Student Journalism Program: WIPPS launches civic journalism training program for central Wisconsin youth
With the rise of the 24-hour news cycle, audience-tailored and politicized news, public trust in the media is at an all-time low. While website clicks and cable news ratings are up, this does not mean the public is better informed or there is more rational debate. To counteract the current media environment, the Wisconsin Institute for Public Policy and Service, in partnership with Midwest Communications’ WSAU radio, is launching a civic journalism internship/training program for youth in grades 10-12.
“The public’s distrust of the media is worsened by a growing vacuum of journalism and reliable news sources at the local level,” said Eric Giordano, WIPPS executive director. “Regional media consolidation and the flight of local news sources is creating ‘news deserts’ across many areas of Wisconsin. Unless we can reverse these trends, we risk raising a new generation of uninformed and disengaged citizens – and declining health in democracy generally.”
The WIPPS/WSAU Student Journalism Program will train motivated high school students to become reporters for local radio stations and provide “real world” training in writing, editing and interview techniques, as well as broadcasting and journalism ethics.

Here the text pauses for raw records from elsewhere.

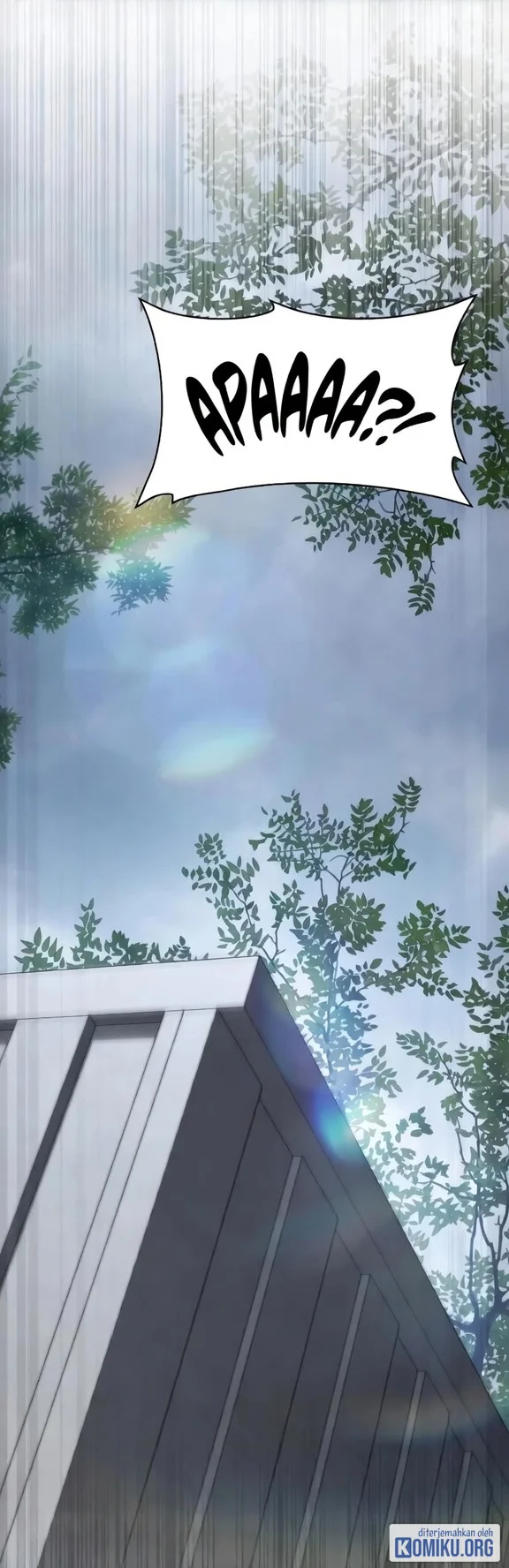 Genius Prismatic Mage Chapter 72 - halaman 108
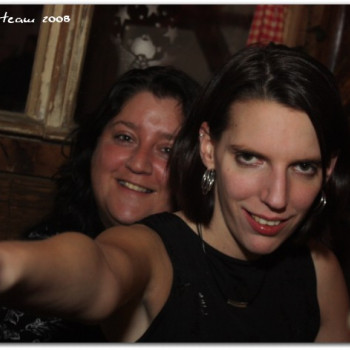 2008-12-27 - Nachtschicht 68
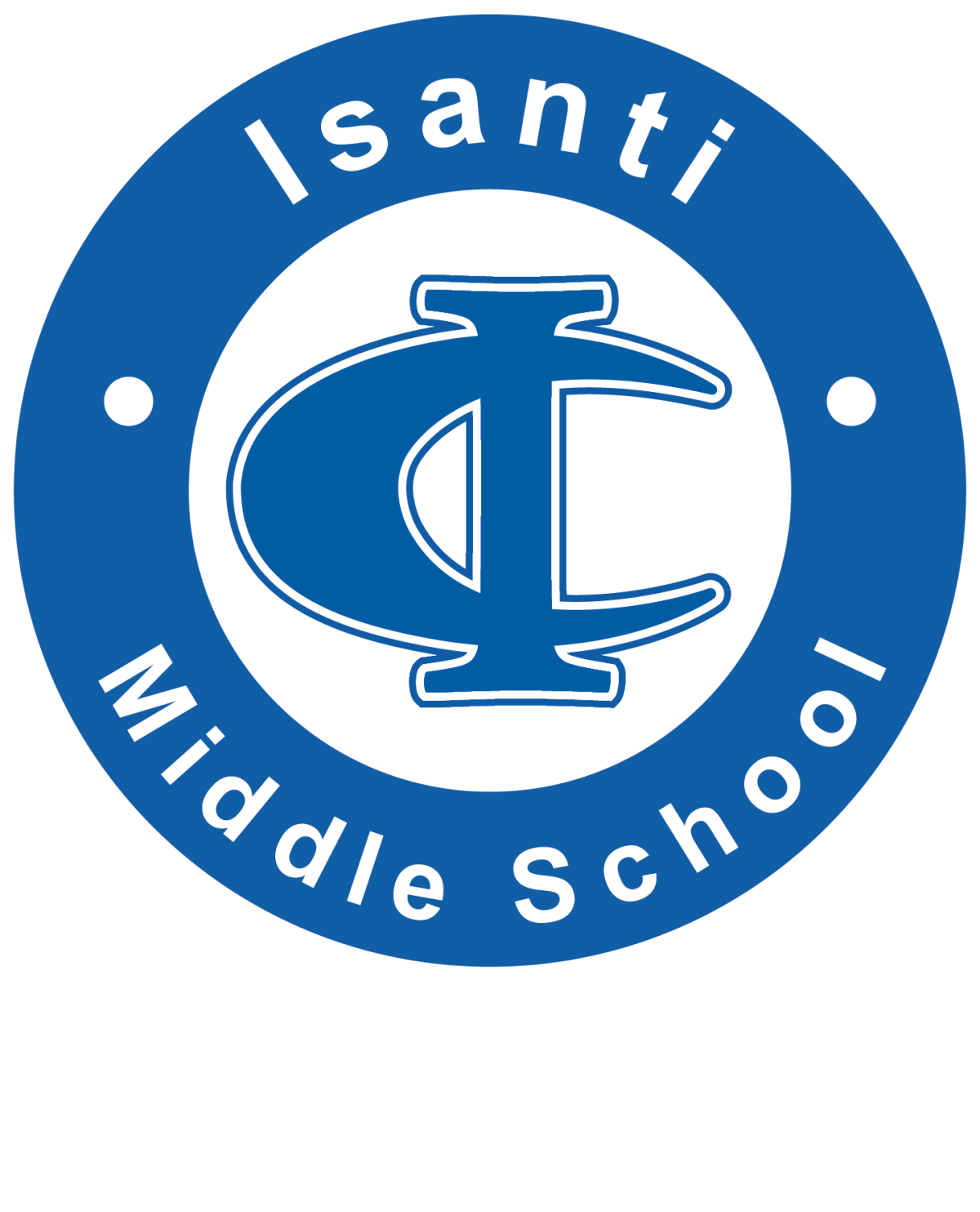 staff-directory-isanti-middle-school-every-student-every-day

“These student reporters will be able to interact with radio broadcast professionals at WSAU 550 AM, have their stories read, watched and heard by the public and get paid for their work,” said Chris Conley, operations manager for Midwest Communications-Wausau/Central Wisconsin.
“We are excited to offer this opportunity to area youth, not only because it will invigorate their involvement in the community, but also reinvigorate local news journalism and improve perceptions of journalism as a profession,” Conley said.
Several students have already signed on for the program, and written local stories.
“I wanted to get involved with this project because I want to pursue a major in journalism/broadcasting in college,” said Amber Marten. “I reported for my high school newspaper for three years, which helped me find my passion for journalism, and am very excited to be a part of this program.”
Adam Peterson wanted to hone his writing skills, while gaining practical experience in the field of journalism. “I hope to be able to work on a few different ideas, and really start to understand the process involved with journalism and working in the media.”